Do your religious beliefs play any part in your campaign?

Ontiveros: From my Catholic background, I have taken with me some of the most liberal, universal beliefs, such as servant leadership and the dignity of all people regardless of their identity, status, etc. My public policy decisions will not be guided by any organized religious principles but by my deeply held values and beliefs in the dignity of all people and their fundamental rights.

What is your campaign’s position on how to better protect children?

Ontiveros: The best way to protect our children is to invest in our children. The pandemic has further highlighted the need not just for improved education opportunities but also for meaningful engagement and activities for children within the community.

I will fight to ensure that Louisiana receives its fair share and that the federal government provides money to fully reimburse schools for Covid related expenses and provide additional funding to support programs, like the 21st century learning program which provides after school enrichment not just in academics, but in arts and athletics and pays our teachers for their work in the program. We must fully fund programs that provide after school and weekend programs for children that keep them engaged and expose them to worlds they might not experience otherwise. Community centers for students with activities during the day for seniors are a must and can be provided for through federal grants.

What are your first plans if elected?

Ontiveros: I know there will be a lot of things to tackle when I get to Washington, and I am willing and ready to take on that challenge.

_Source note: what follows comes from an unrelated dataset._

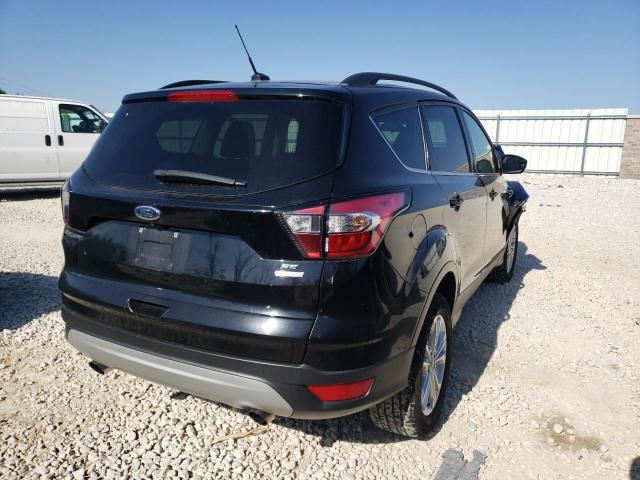 Photo 4 from auction – 2018 FORD ESCAPE SE with VIN 1FMCU0GDXJUC55948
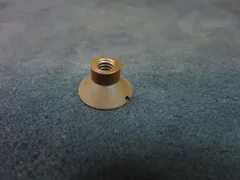Applied Materials (AMAT) 0020-31537 COVER, SCREW, VESPEL-ETCH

Congresses job over the next 4 years is to ensure economic relief and recovery. I believe that policy should be created by those who are closest to issues, and I have deep personal experience with running a business during the pandemic and navigating retaining my team with benefits.

We need to tackle things like small business relief through main street recovery –small businesses provide approximately 50% of private sector jobs in our region. I want to help support current and encourage new small businesses so we can recover jobs lost to the pandemic, including creating a dedicated SBA minority fund that does away with historic barriers to access, like credit scores.

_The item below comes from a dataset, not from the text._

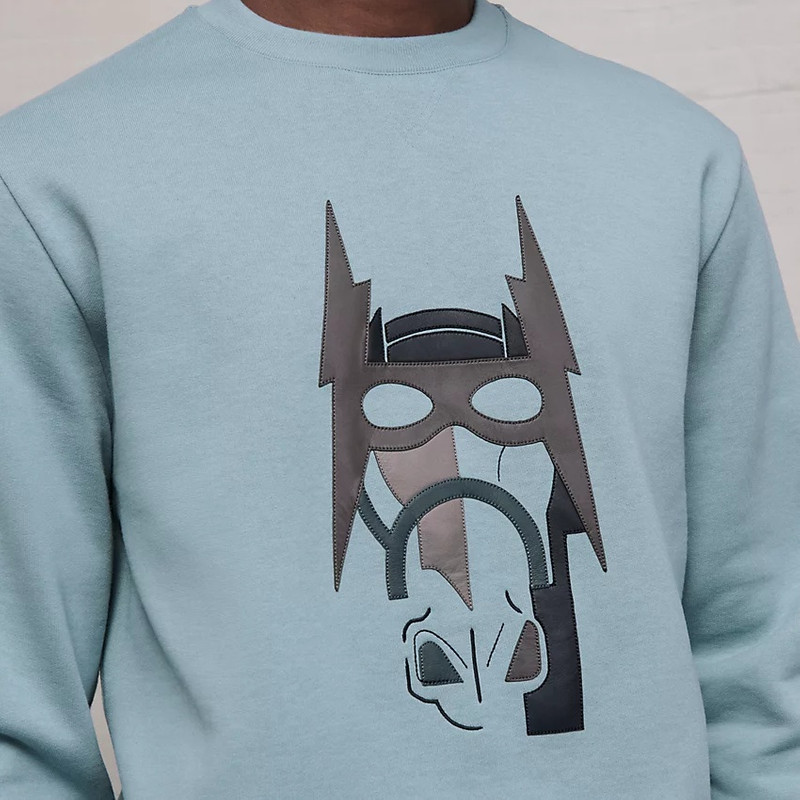 Crewneck sweater 3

To close the income disparity felt by Black and brown communities as well as ensure families can remain debt free, I also support a guaranteed income as we work toward economic recovery and sustainability.

I also plan to immediately launch active field offices throughout the region, particularly in the River Parishes, and form working groups of local community leaders around major policy issues important to our region, like economic recovery, criminal justice, and education.